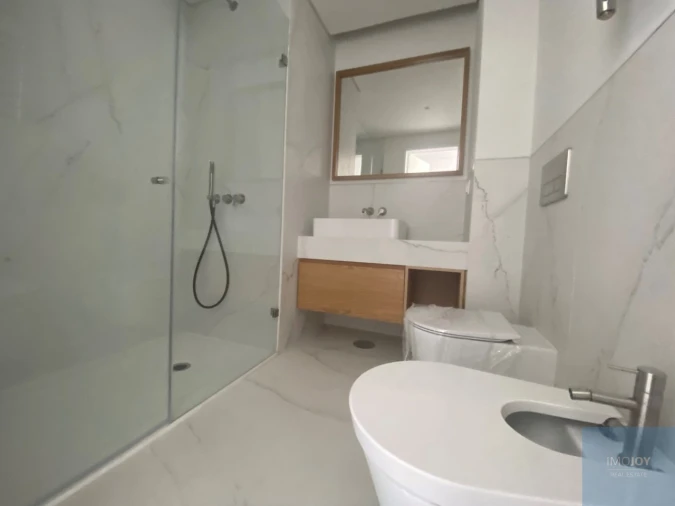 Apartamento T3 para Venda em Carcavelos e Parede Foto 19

---

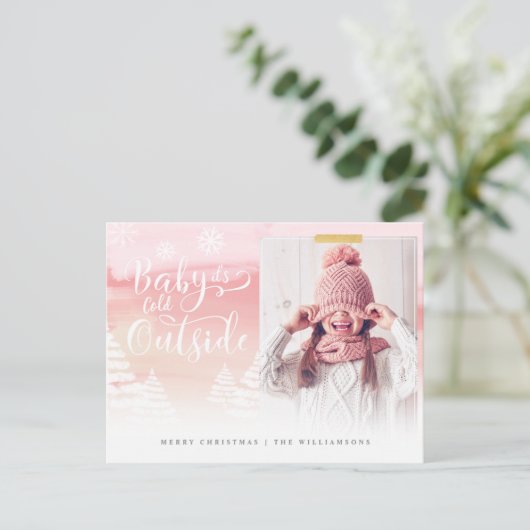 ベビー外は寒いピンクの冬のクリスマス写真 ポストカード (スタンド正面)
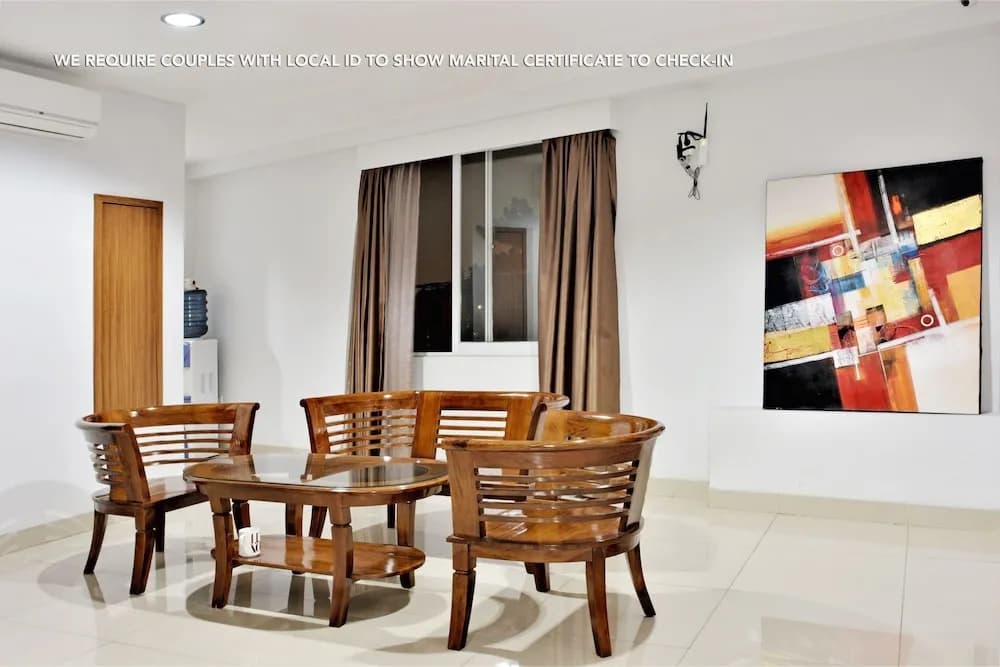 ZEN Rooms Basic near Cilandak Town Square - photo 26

--

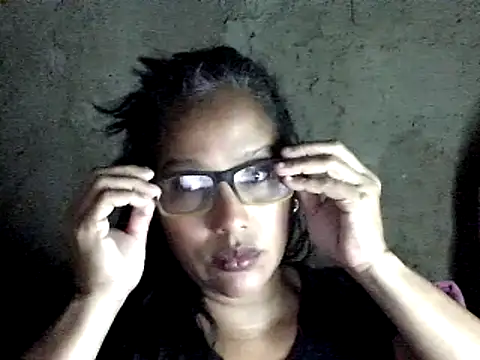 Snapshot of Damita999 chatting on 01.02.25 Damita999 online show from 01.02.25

- [Task details]:
Reproduce the lines above starting at the one with "ベビー外は寒いピンクの冬のクリスマス写真 ポストカード (スタンド正面)" and ending at the one with "ZEN Rooms Basic", both included, exactly and with no pictures.

- [Response]:
 ベビー外は寒いピンクの冬のクリスマス写真 ポストカード (スタンド正面)
 ZEN Rooms Basic near Cilandak Town Square - photo 26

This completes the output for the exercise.